◆ Collected data ◆
■ ■ ■ ■ ■ ■ ■

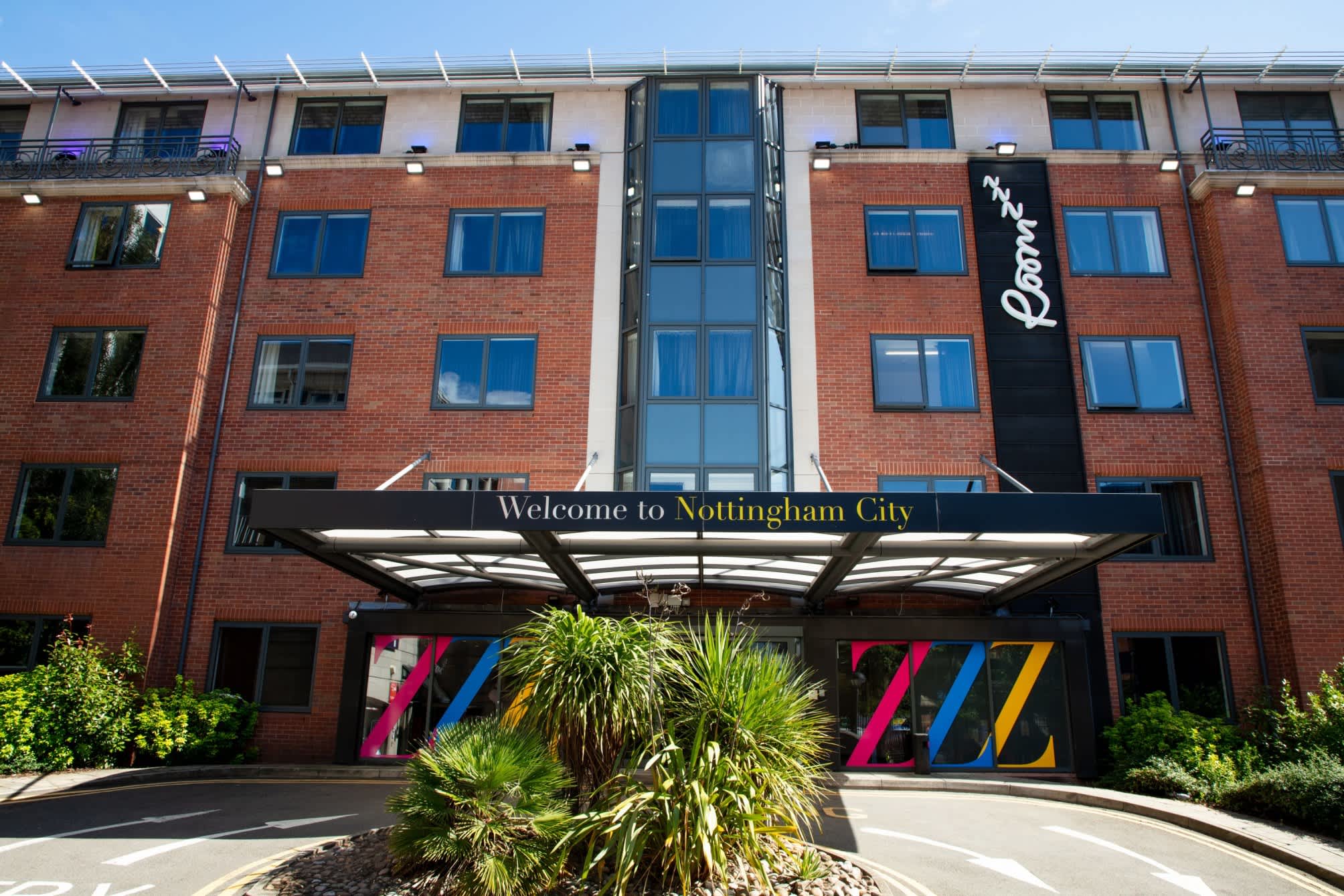 Roomzzz Nottingham City 1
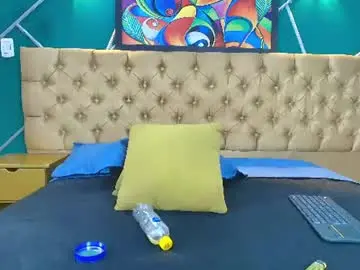 Chaturbate Live Sex of liiaa_sweett_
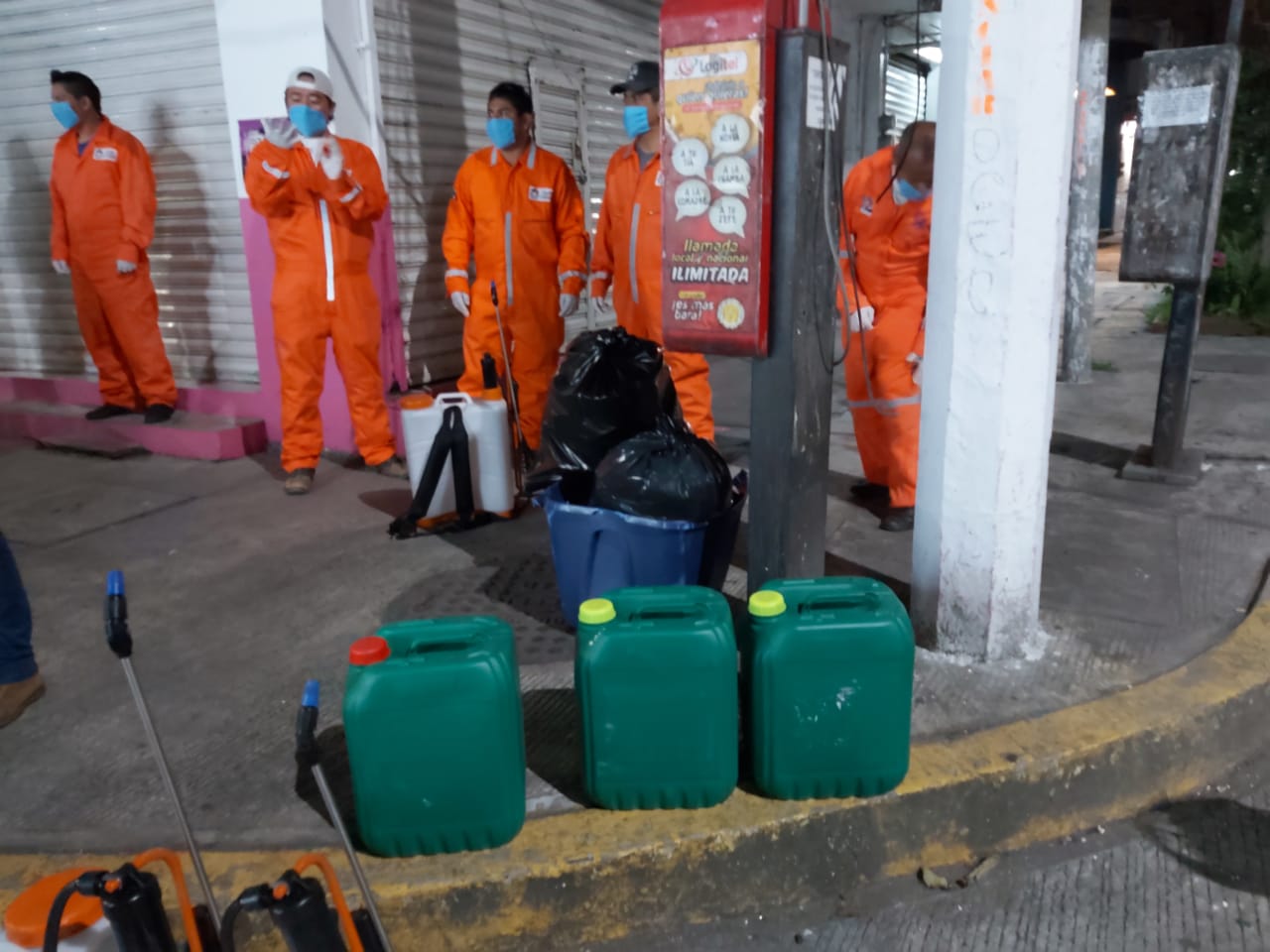 Sanitizan calles donde  se instalan tianguis en Xalapa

■ ■ ■ ■ ■ ■ ■

◆ Activity ◆
Nothing but the pictures should be left out when the listing is repeated exactly.

◆ Written response ◆
 Roomzzz Nottingham City 1
 Chaturbate Live Sex of liiaa_sweett_
 Sanitizan calles donde  se instalan tianguis en Xalapa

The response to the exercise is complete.